- **ABOUT THIS TASK**
Nothing but the records themselves, exactly as written, should appear in the reply; leave out the pictures.

- **MATERIAL FOR THE TASK**

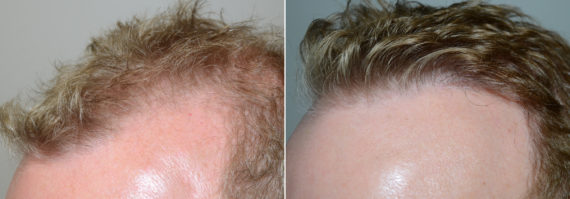 Trasplante de Pelo en Hombres Before and after in Miami, FL, Paciente 109996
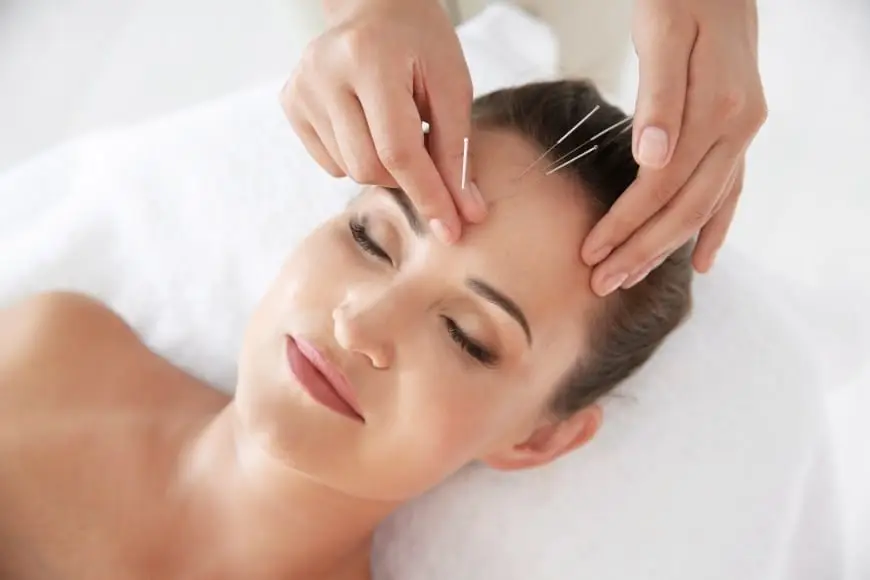 Acu-lifting et soins du visage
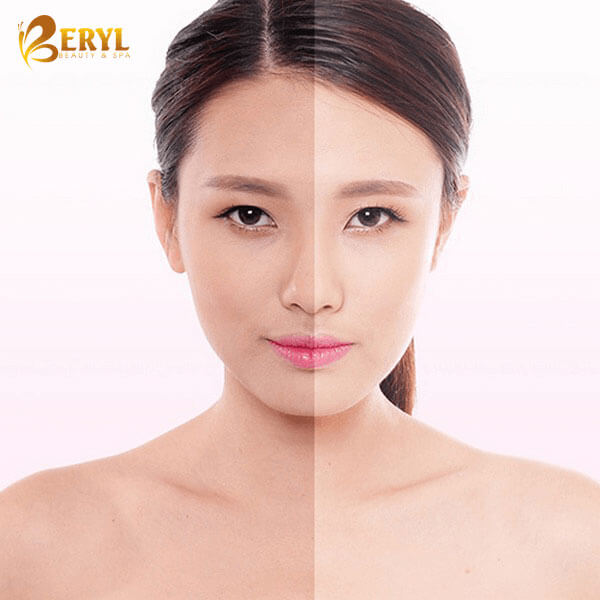 cach-lam-trang-da-toan-than-nhanh-trong-1-tuan cach-lam-trang-da-toan-than-nhanh-trong-1-tuan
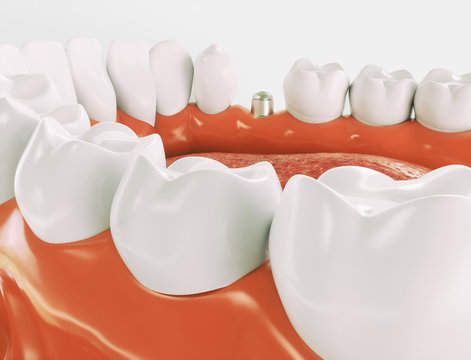 Dental implant - Series 3 of 3 - 3d rendering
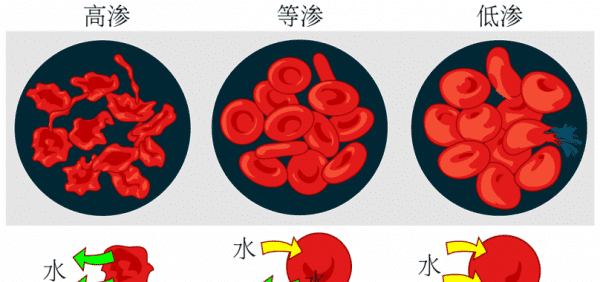 高渗盐溶液有哪些，临床上实用的高渗溶液有啥特点图1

- **RESULT OF THE EXERCISE**
 Trasplante de Pelo en Hombres Before and after in Miami, FL, Paciente 109996
 Acu-lifting et soins du visage
 cach-lam-trang-da-toan-than-nhanh-trong-1-tuan cach-lam-trang-da-toan-than-nhanh-trong-1-tuan
 Dental implant - Series 3 of 3 - 3d rendering
 高渗盐溶液有哪些，临床上实用的高渗溶液有啥特点图1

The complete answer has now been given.